I’m taking a quick break from preparing for tomorrow’s meetings with the Examinations Committee and Committee on Ministry of Salem Presbytery to put down some thoughts about the passage of the healthcare reform bill offered by Congressional Democrats and signed into law yesterday by President Barack Obama.

I realize that by doing this I am inviting very vehement disagreement from all sorts of people, especially those who stand in opposition to the bill. Be that as it may.

Perhaps one of the most grievous aspects of popular commentary on healthcare reform has been the repeated assertion that the bill socializes one sixth of the American economy. This is patently not true. The bill doesn’t establish an American equivalent to Britain’s National Health Service (NHS). The foundation of this reform remains private insurance, but makes significant alterations in how private insurance does business. It also provides a government-administered alternative to private insurance.

These are requirements that are intended to drive down the cost of health insurance (mandating coverage and expanding groups by outlawing discrimination based on pre-existing conditions to name two). For a more detailed summary of the legislation go here.

My take: Clearly this is not a mass takeover of the insurance industry but rather a very moderate approach to policing (regulating) the excesses of the insurance industry and providing alternative solutions for those for whom the traditional US insurance industry is basically unavailable. It’s unfortunate that the Republican party has chosen to retrench on this issue rather than engage the President and the Democratic party. This belligerence is, amongst several other more profound reasons, a contributing factor to my identification as an independent (in North Carolina, “unaffiliated”) voter. While I am pro-life, I cannot bring myself to cast this entire discussion and debate in terms of this issue. There is nothing in the legislation itself that materially alters the present U.S. policy of not using tax dollars to fund abortions and the willingness of President Obama to sign an Executive Order to guarantee that the law is not construed in such a manner as to vitiate this interpretation shows a pragmatism which is, I believe, laudable. In short, abortion is a great evil. But it is an evil that is predicated on presuppositions and ways of understand the self, community, life, and worth that are rooted in the very same constructs conservatives laud as what makes America “great” (viz., individualism, consumerism, to name just two).

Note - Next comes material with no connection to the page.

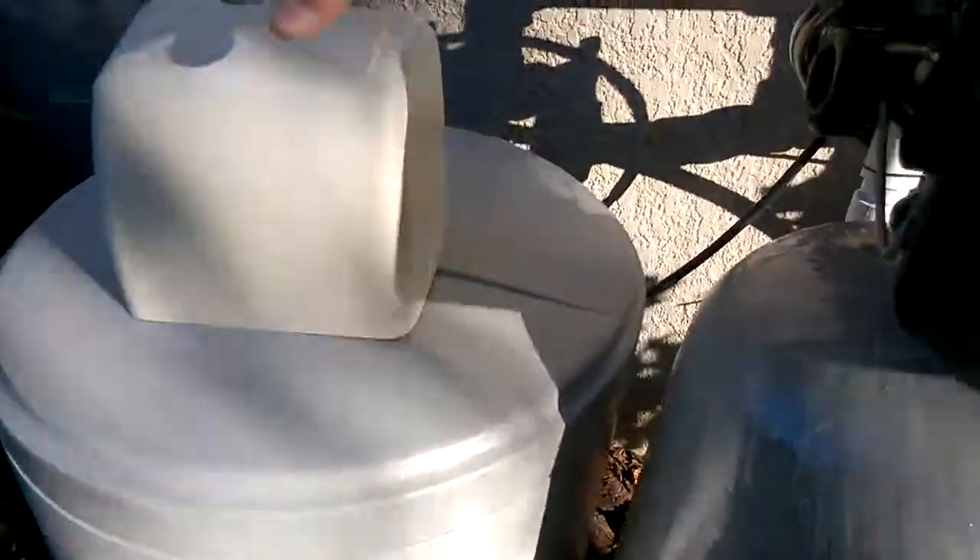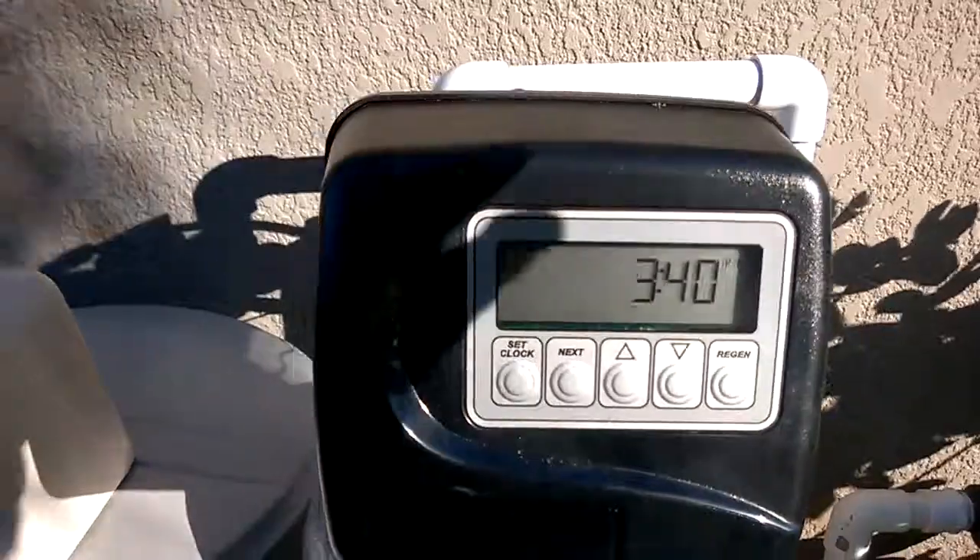And if we lose power, I gotta take this off and reset the clock. Just hit this for an hour, then up and down, hit it again for minutes to set the current time.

It seems to me to be folly to select one profound evil to oppose, but to do so in the absence of a real and lively critique of the system out of which this issue has arisen. This is where the Catholic church provides a real and meaningful contribution to the life of the broader church and to society in general. This is one reason that I envision my political identity more in terms of distributivism than classical distinctions between the left and the right. More on distributivism here.

One Christian organization claimed that pro-life Democrats who voted “yes” to the legislation after President Obama’s concession in the form of an Executive Order, had traded their birth right for a “mess of pottage.” I humbly submit that those who argue against healthcare on the basis of ad hominem, fear, and falsehood rather than standing in the great tradition of Christian moral reflection do no less.